**Activity:**
Only the lines in the entries below from the line with "Green Beans With Tomatoes, Olives, And Feta" to the line with "[ลูกค้าใหม่ 1 บาท]พร้อมส่งจากไทย", both included, belong in the answer, transcribed exactly and without pictures.

====================

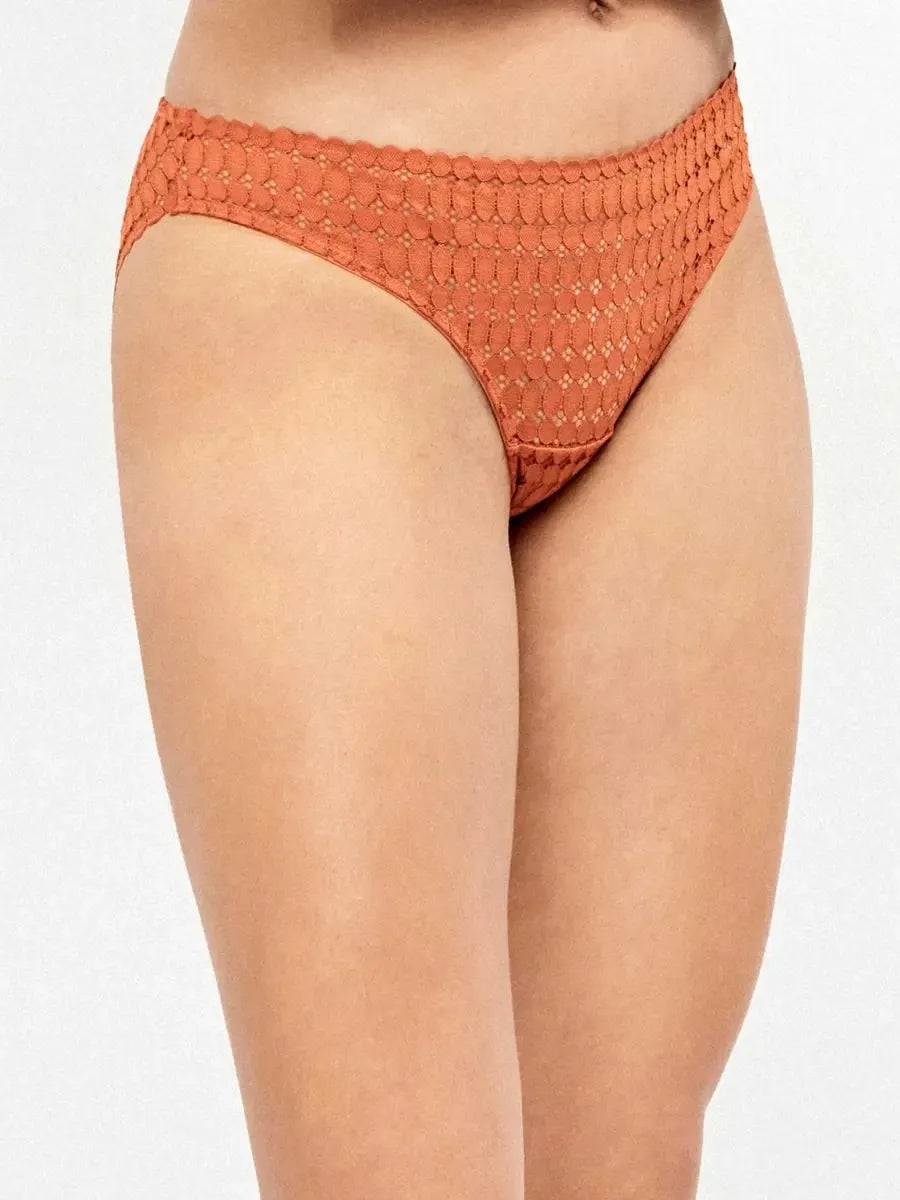 Coordinato reggiseno con ferretto e slip in coppa C Gisela 10158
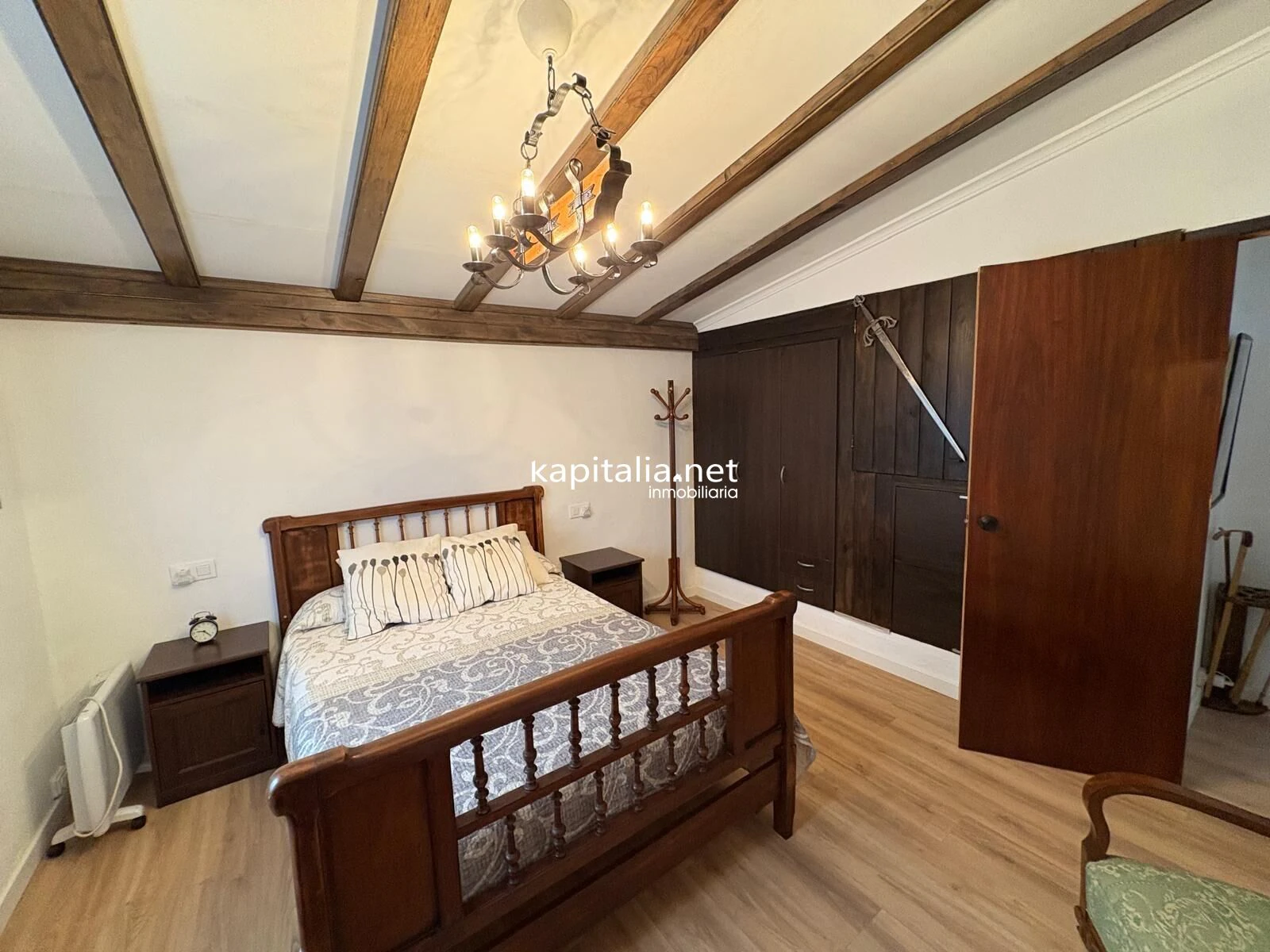 ESPECTACULAR CHALET A LA VENTA EN URBANIZACION DE CARCER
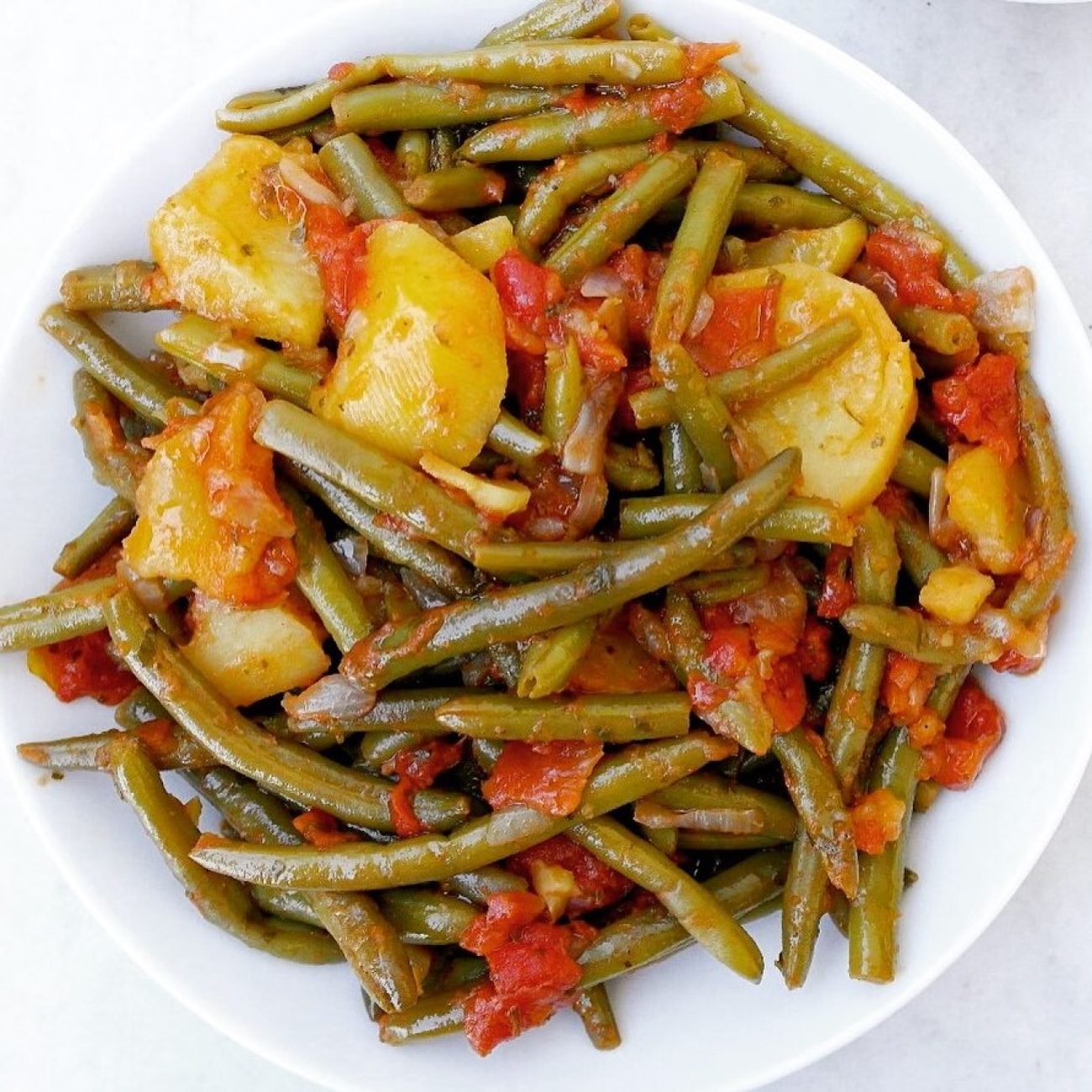 Green Beans With Tomatoes, Olives, And Feta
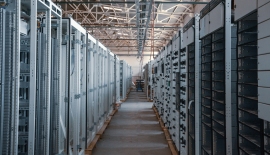ソフトバンクグループは、フランスで合計5GWのAIデータセンターを建設・運営する計画を発表した。Photo by İsmail Enes Ayhan on Unsplash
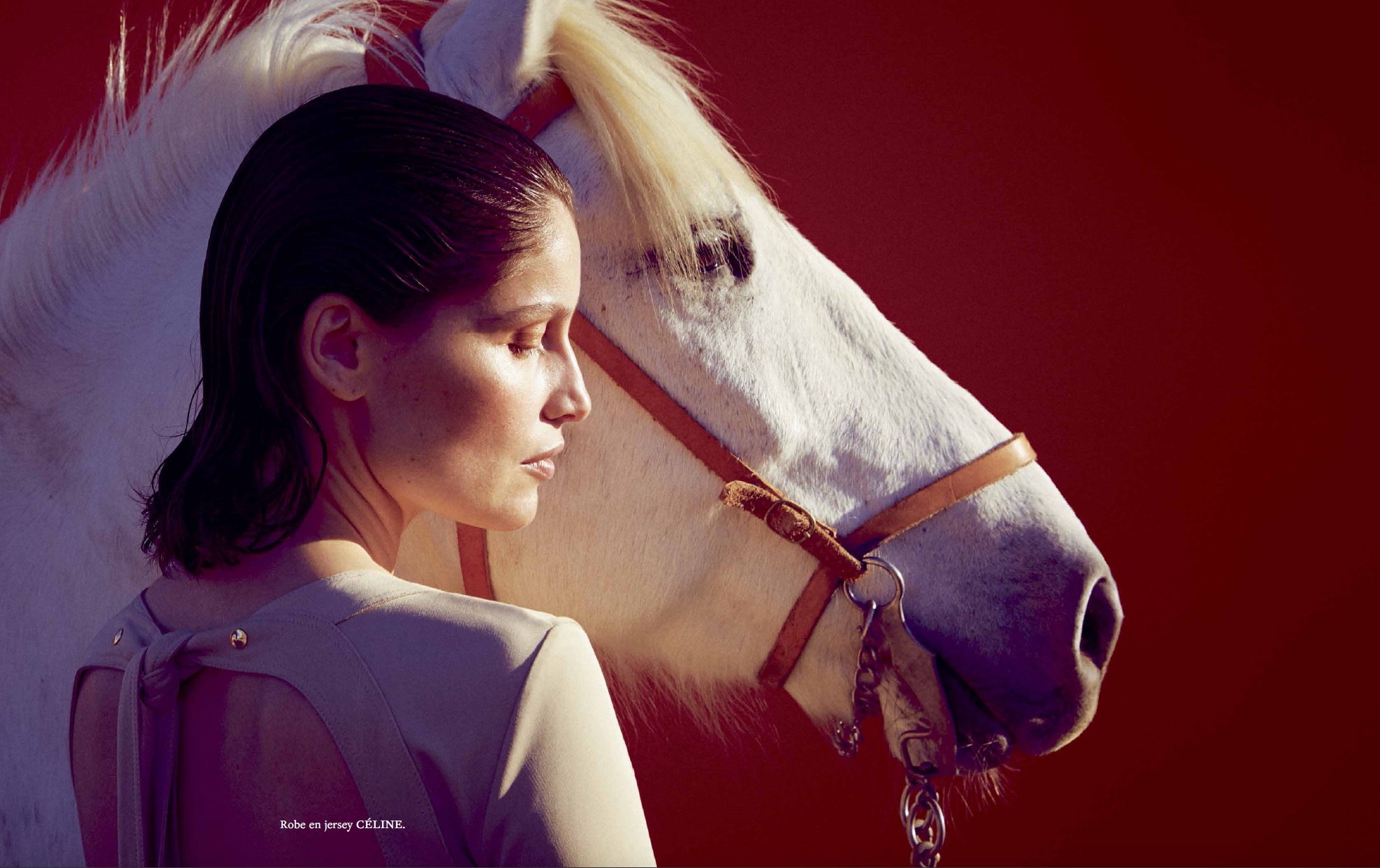 production photo aux saintes maries de la mer avec laetita casta
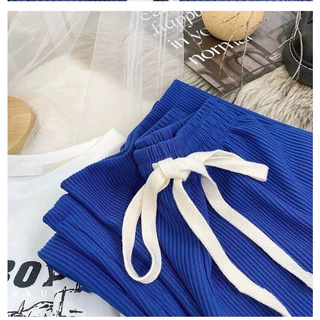 [ลูกค้าใหม่ 1 บาท]พร้อมส่งจากไทย โปรแรง กางเกงวอร์ม กางเกงขายาว ผ้าร่อง เนื้อผ้าทิ้งตัว ไม่บาง ทรงสวยมาก ทรงดูผมสูงMW040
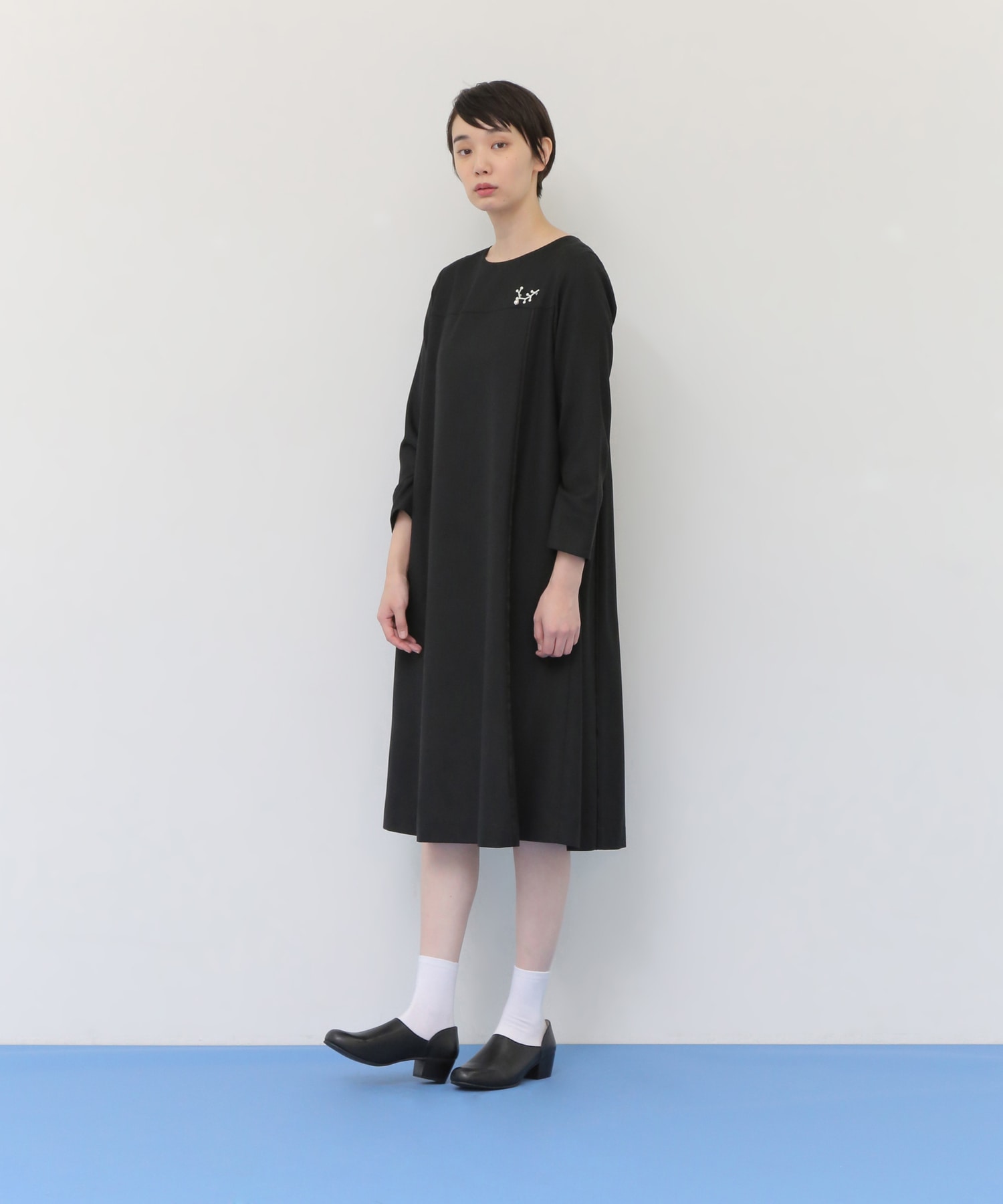 ストレートシルエットワンピース Bigi Online Store ビギ オンラインストア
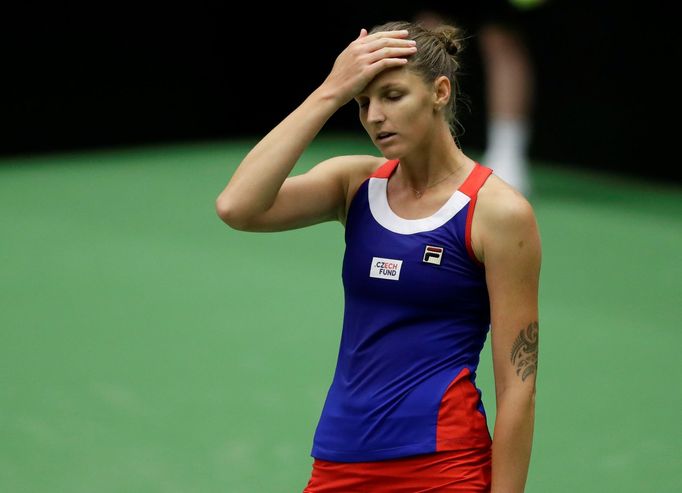 Fed Cup 2019: Karolína Plíšková v zápase se Simonou Halepovou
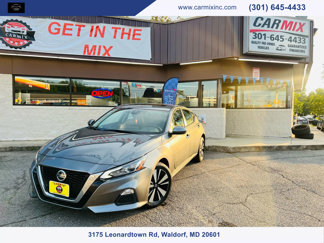 Used 2021 Nissan Altima 2.5 SV image 1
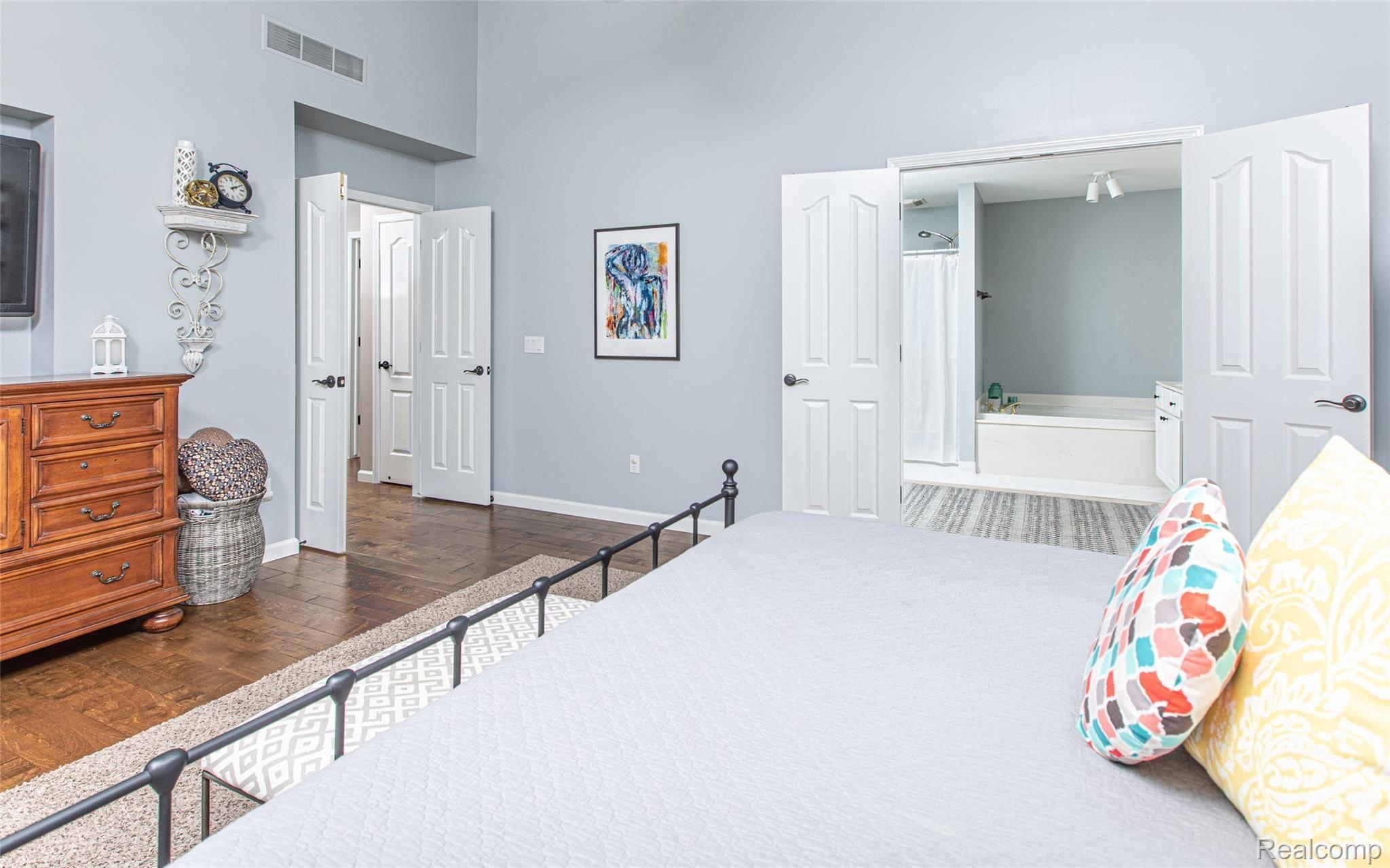 1915 Catlin Drive Rochester, MI 48306 - Photo 20 of 39 20 - Master Bedroom.jpg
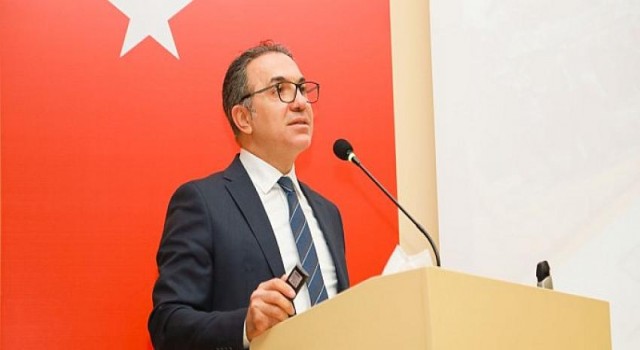 Dr. Kızıloğlu “İyi bir hekim olmanın yolu başta insanı sevmekten geçer”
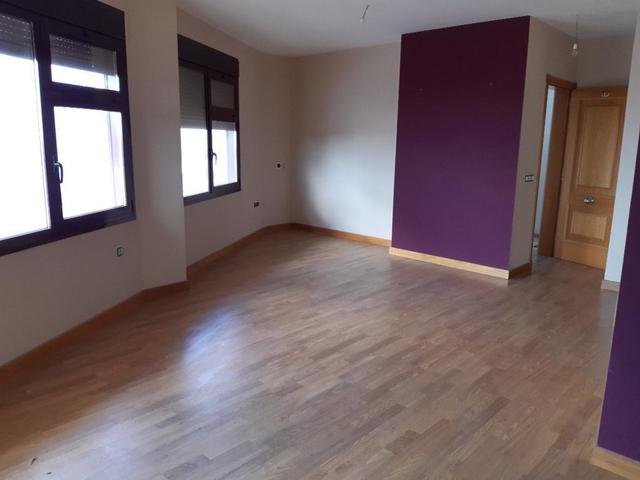 MIL ANUNCIOS.COM - Estupendo piso a un precio irresistible C/ GAVIA 8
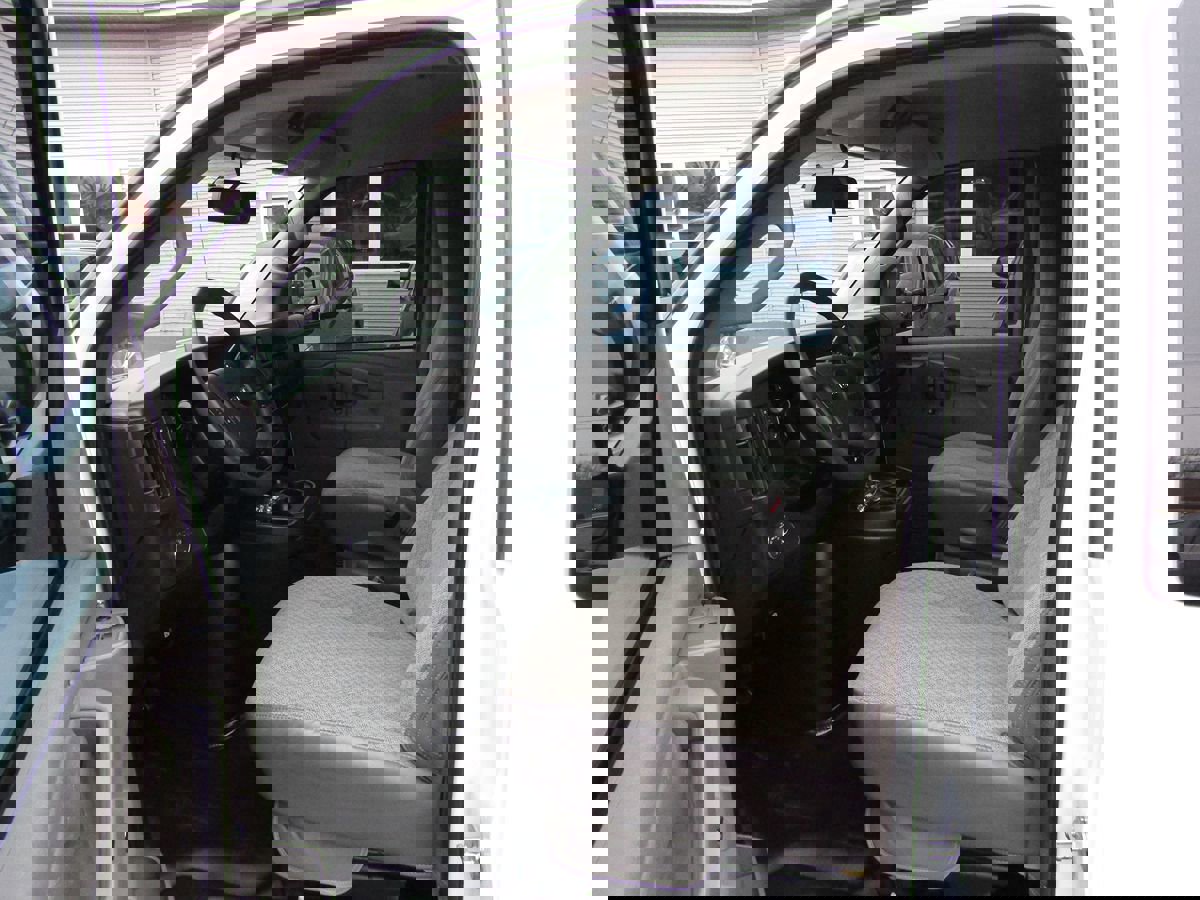 Used 2023 GMC Savana 3500 LS image 4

====================

**Task answer:**
 Green Beans With Tomatoes, Olives, And Feta
ソフトバンクグループは、フランスで合計5GWのAIデータセンターを建設・運営する計画を発表した。Photo by İsmail Enes Ayhan on Unsplash
 production photo aux saintes maries de la mer avec laetita casta
 [ลูกค้าใหม่ 1 บาท]พร้อมส่งจากไทย โปรแรง กางเกงวอร์ม กางเกงขายาว ผ้าร่อง เนื้อผ้าทิ้งตัว ไม่บาง ทรงสวยมาก ทรงดูผมสูงMW040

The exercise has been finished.